Such stereo views have historically been created with two lenses on a
single camera, spaced apart by approximately the inter-ocular distance of
a human head. The Stereo Realist.TM. series of 35 mm still cameras,
popular in the 1950's, are an example of this kind of imaging. Left and
right views were recorded simultaneously through two lens/shutter sets on
alternate frames of the 35 mm film. The later Nimslo.TM. system used four
lenses for essentially the same approach.
Stereo movies appeared in the 1950's. The images were typically created
either using two synchronized cameras, or a two-lens system on a single
camera. Similarly, the various Stereo TV systems have typically used two
cameras (see Lipton, et al, U.S. Pat. No. 4,583,117) or a single camera
with two lenses (Lipton, et al, U.S. Pat.

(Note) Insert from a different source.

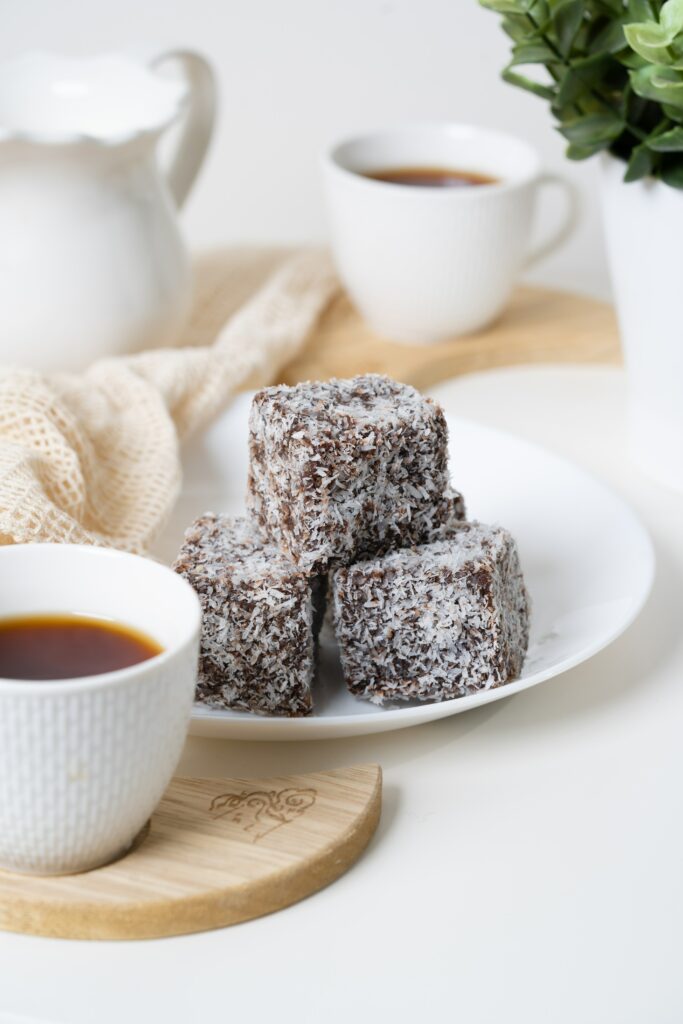 Cozy Tea-Time Setup: Chocolate Coconut Desserts & Steaming Tea Wallpaper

No. 4,523,226).
All of the multiple-camera systems have severe drawbacks, in the added
complexity and cost of duplicating the complete camera system and the
synchronization of the two separate images (this is especially a problem
in film (non-video) applications). In addition, the use of two separate
lenses (whether on one camera or two) introduces problems of synchronizing
focus and view.
The need for solving this latter problem is real, but not addressed by
prior art devices. Simply mounting two cameras side-by-side will allow the
taking of the left- and right-eye images, and the cameras can be focused
on whatever the subject is (although follow-focus of moving objects is
problematic). However, there is more to stereoscopic vision than simply
having two eyes. A simple experiment will demonstrate the problem. If one
holds up a finger at arms length, and brings it closer and closer to the
face, it becomes apparent that your eyes do more than merely focus on the
finger as it approaches. You also aim each eye independently, becoming
more and more "cross-eyed" as the finger nears the face. Without this
adaptation, most 3-D films tended to induce discomfort as the apparent
image distance to the view changed, since the camera views would not shift
as one's instinct might expect.
In addition, fixed convergence or partially or manually adjustable
convergence systems do not address the problem that the overlap of the
views must change as the focus and/or focal length of the lens changes.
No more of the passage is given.